Working data
● ● ● ● ● ● ●

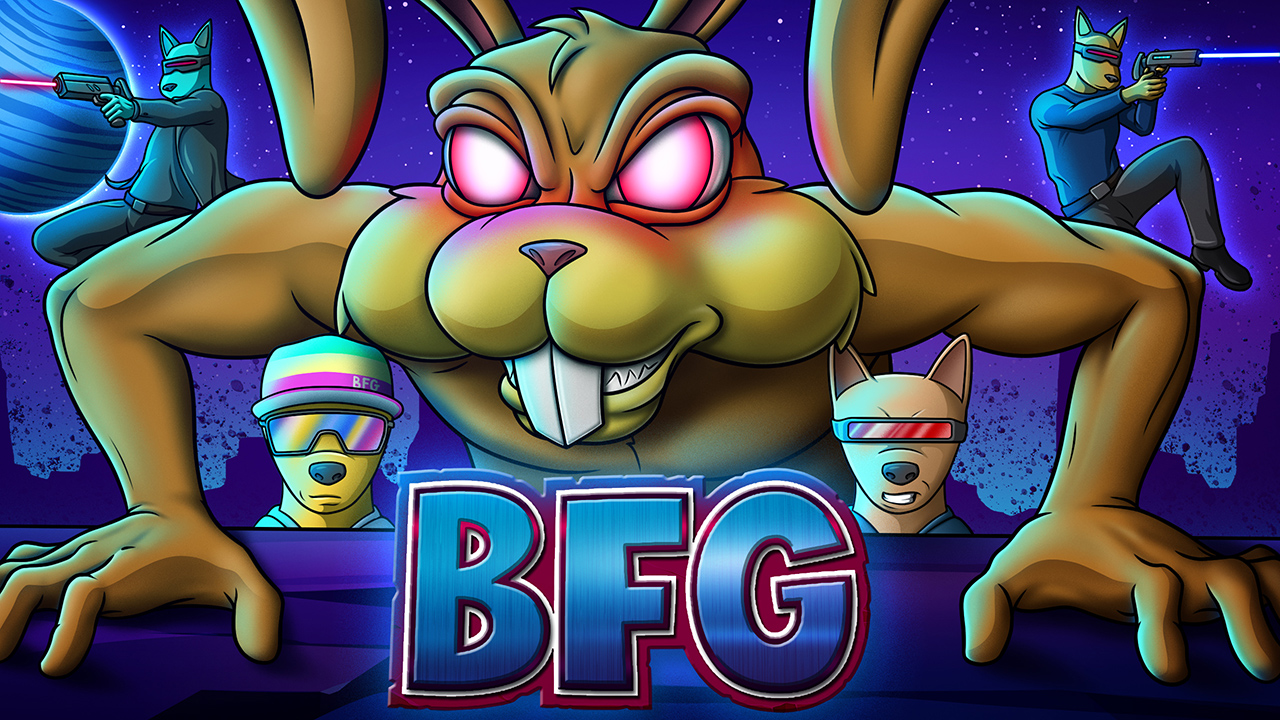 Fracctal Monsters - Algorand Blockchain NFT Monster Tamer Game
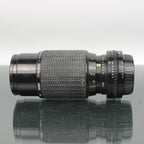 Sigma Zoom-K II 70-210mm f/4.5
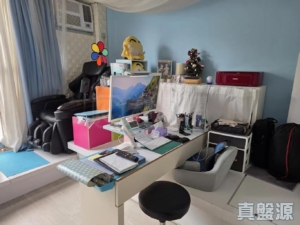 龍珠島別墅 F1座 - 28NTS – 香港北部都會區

● ● ● ● ● ● ●

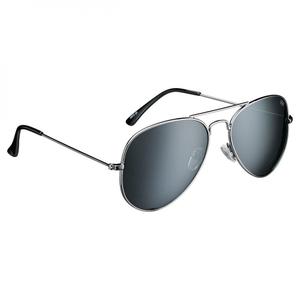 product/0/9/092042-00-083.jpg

● ● ● ● ● ● ●

Task
The answer is the lines of the material above, from the one containing "Sigma Zoom-K II 70-210mm f/4.5" down to the one containing "龍珠島別墅 F1座 - 28NTS – 香港北部都會區", given exactly and without images.

Output of the exercise
 Sigma Zoom-K II 70-210mm f/4.5
 龍珠島別墅 F1座 - 28NTS – 香港北部都會區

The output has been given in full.